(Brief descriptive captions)
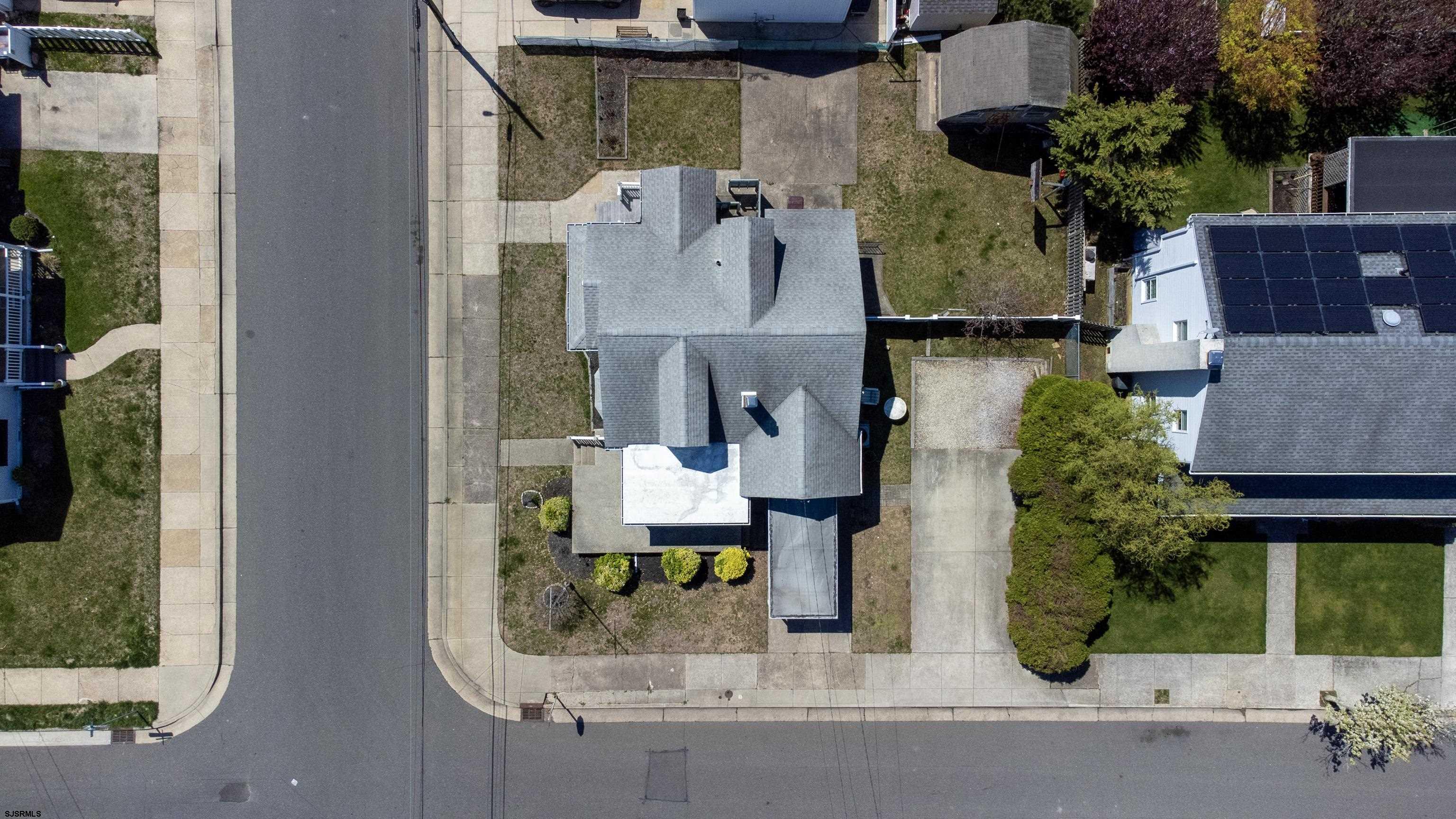 400 N Oxford Ave
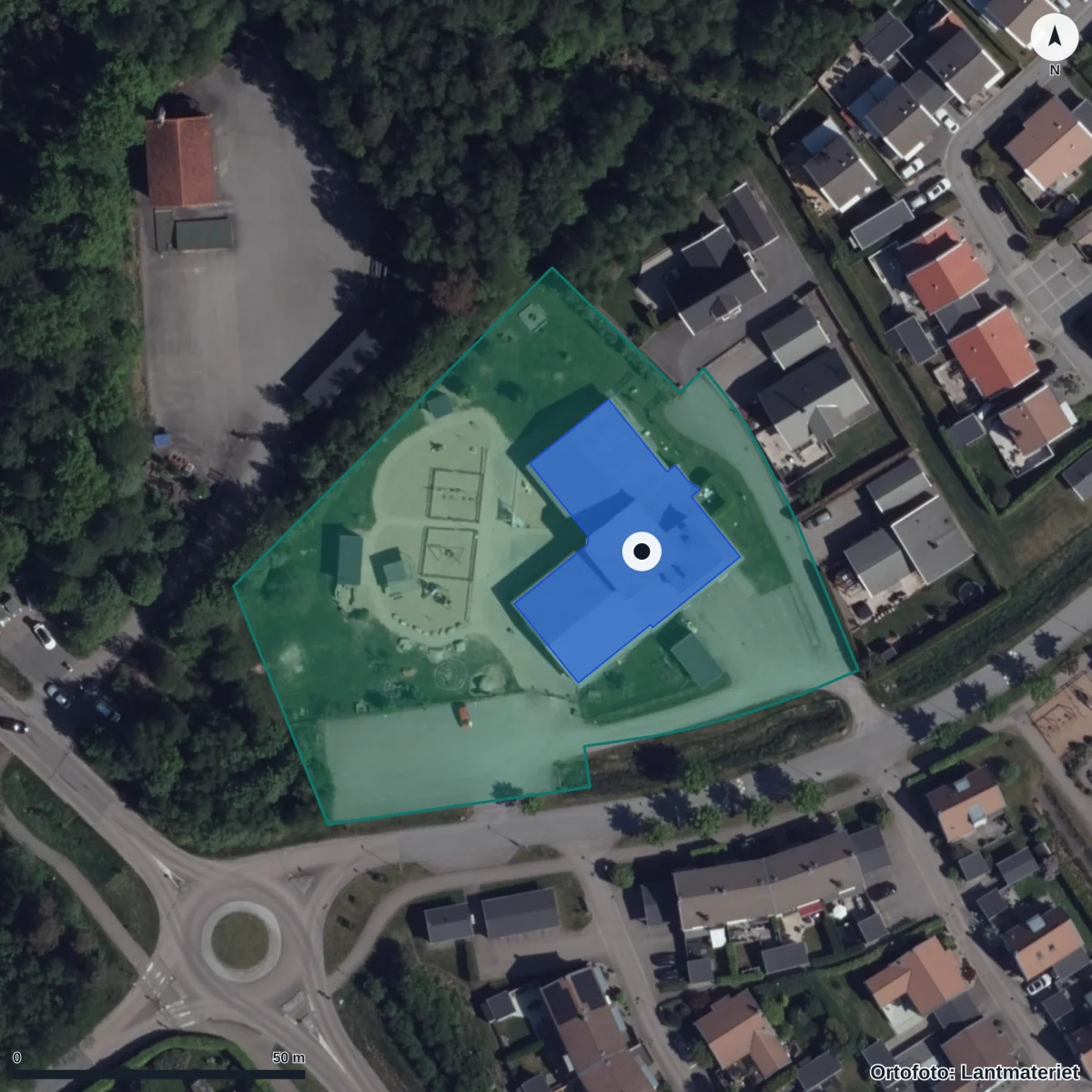 Flygbild över Presse Park Förskola, ortofoto från Lantmäteriet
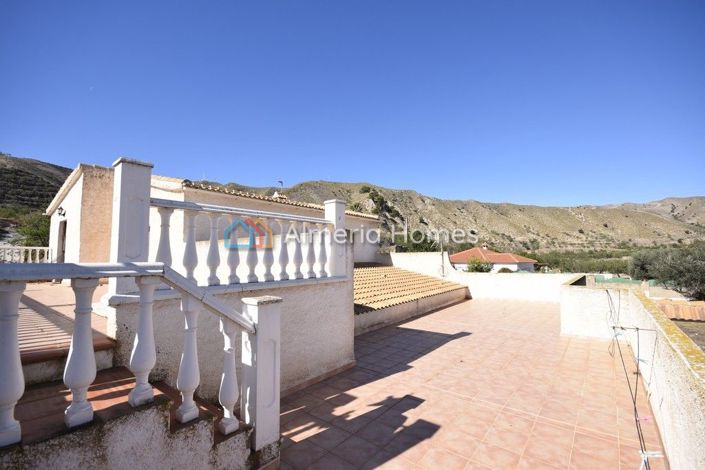 Image No.11-6 Bed Country House for sale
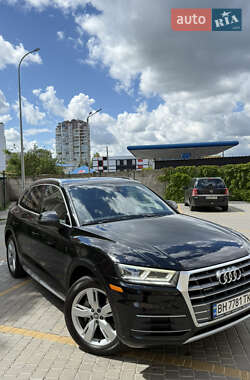 Внедорожник / Кроссовер Audi Q5 2018 в 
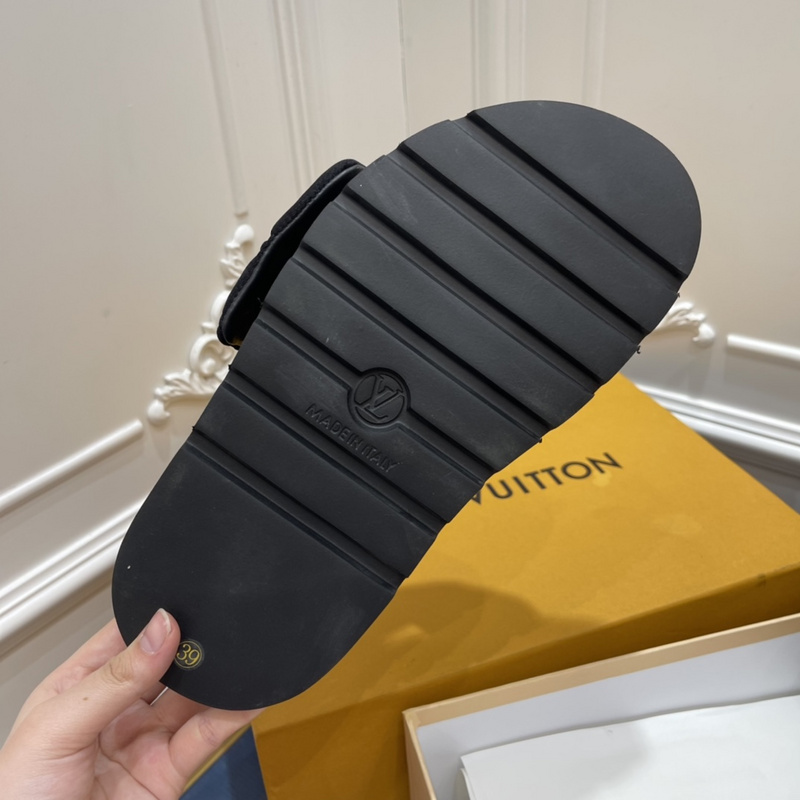 LV POOL PILLOW COMFORT MULE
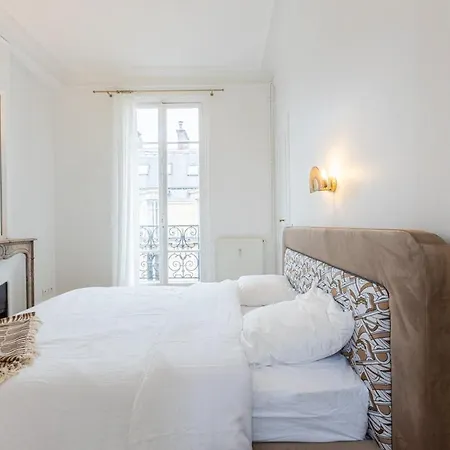 Luxurious Apartment Trio *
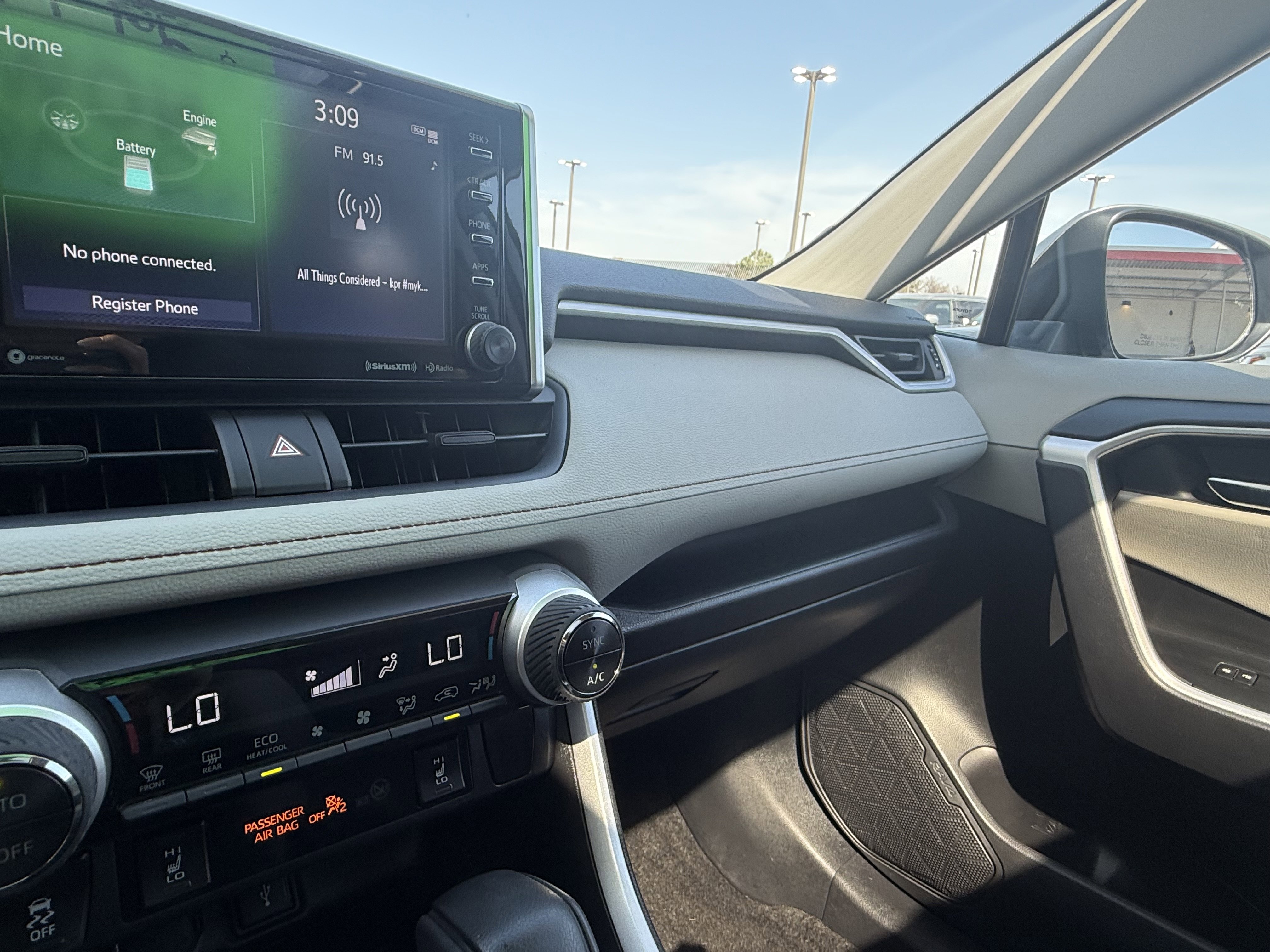 Certified 2021 Toyota RAV4 XLE w/ Convenience Package image 26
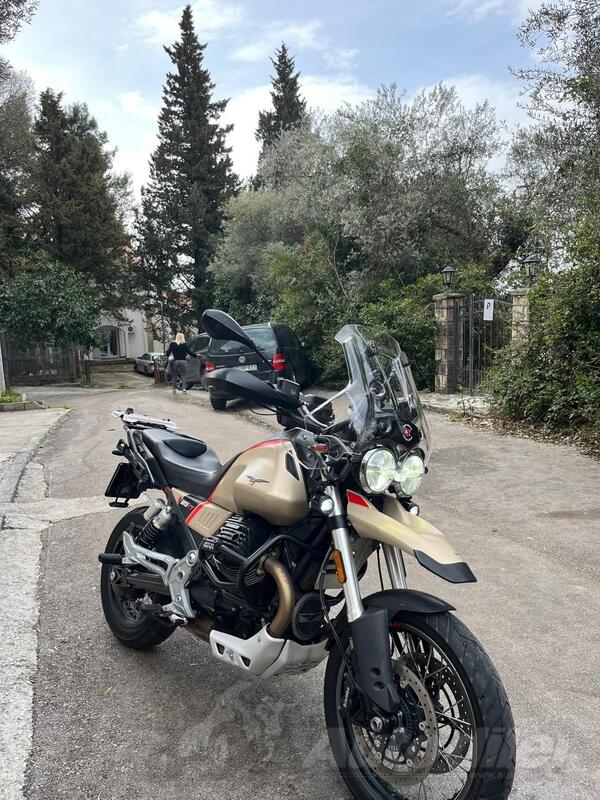 Moto Guzzi - V85TT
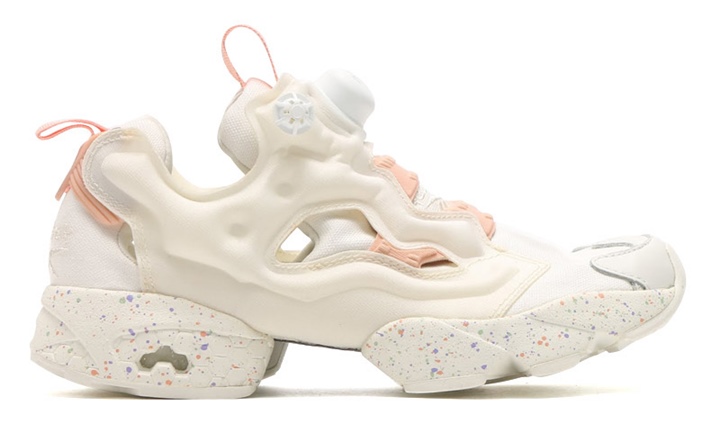 5/20発売！リーボック ウィメンズ インスタ ポンプ フューリー セレブレイト チョーク/デザート ストーン (REEBOK WMNS INSTA PUMP FURY CELEBRATE CHALK/DESERT STONE) [V69801]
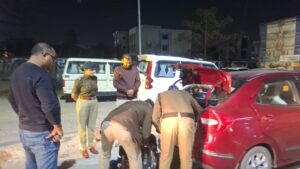 आईजी कुमायूँ के आदेश पर इन जनपदों के विभिन्न नाकों, पुलिस बैरियरों एवं चौकी क्षेत्रों में किया गया चेकिंग अभियान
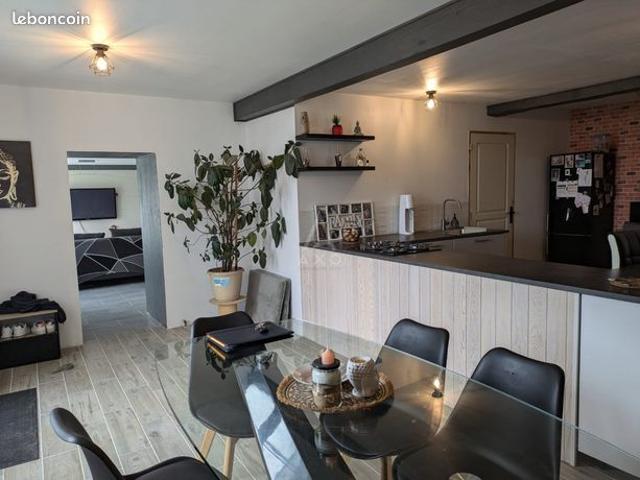 Maison 5 pièces 210 m²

Exercise brief
Leave out the pictures, and retype exactly the lines from the one containing "Certified 2021 Toyota" through the last line of the data above, no more and no less.

Reply to the exercise
 Certified 2021 Toyota RAV4 XLE w/ Convenience Package image 26
 Moto Guzzi - V85TT
 5/20発売！リーボック ウィメンズ インスタ ポンプ フューリー セレブレイト チョーク/デザート ストーン (REEBOK WMNS INSTA PUMP FURY CELEBRATE CHALK/DESERT STONE) [V69801]
 आईजी कुमायूँ के आदेश पर इन जनपदों के विभिन्न नाकों, पुलिस बैरियरों एवं चौकी क्षेत्रों में किया गया चेकिंग अभियान
 Maison 5 pièces 210 m²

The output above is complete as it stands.